A COMPREHENSIVE QUALITY ASSESSMENT OF THE AFFYMETRIX U133A&B PROBESETS BY AN INTEGRATIVE GENOMIC AND CLINICAL DATA ANALYSIS APPROACH

SUMMARY Motivation: Insufficient reliability of expression measurements is key problem facing microarray experiments. The problem could originate from poor gene identification by the probe sequences, whose design may not consider the actual complexity of the human genome. Results: We re-estimated genome localization of the Affymetrix U133A and U133B GeneChip (initial) target sequences. We matched these sequences to gene and transcripts in the human genome.
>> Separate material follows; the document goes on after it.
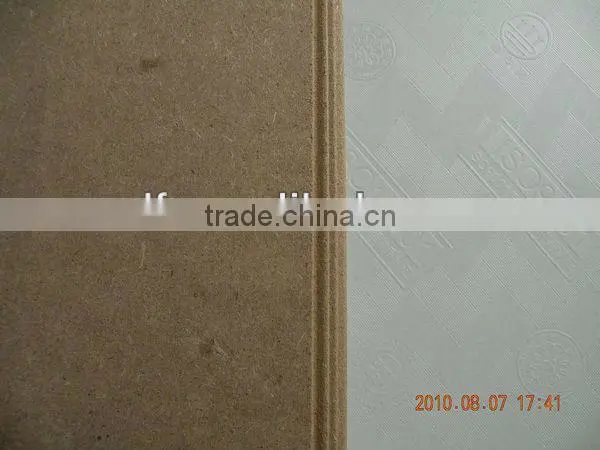 Deep synchronized grain surface laminate floor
This resulted in the significant redefinition of specificity and uniqueness of more than 2500 GeneChip probesets. Among the rest target sequences, approximately one quarter overlapped with interspersed repeats that could cause cross- hybridization signals and errors in expression measurements. To test that hypothesis, we compared GeneChip microarray data from large groups of breast cancer patients differed by aggressiveness of tumor growth. In particular, for low- and high- aggressive tumors, we demonstrated that among the set of differentially expressed genes the probesets with of repeat-overlapped target sequences statistically significant underrepresented in compare to the probesets of repeat-free target sequences. In addition, 407 Affymetrix target sequences were incorrectly oriented relative to the genes they purportedly represented (anti-sense transcripts). Surprisingly, a large fraction of these "erroneous" sequences can be significantly associated with important regulatory biological processes, molecular functions and pathways. The all defined categories of probe sequences have been annotated in our local Affy Probes Mapping and Annotation (APMA) database. Our results allow us to re-identify many targets used in a microarray experiment and carry out biological classification of the anti-sense transcripts.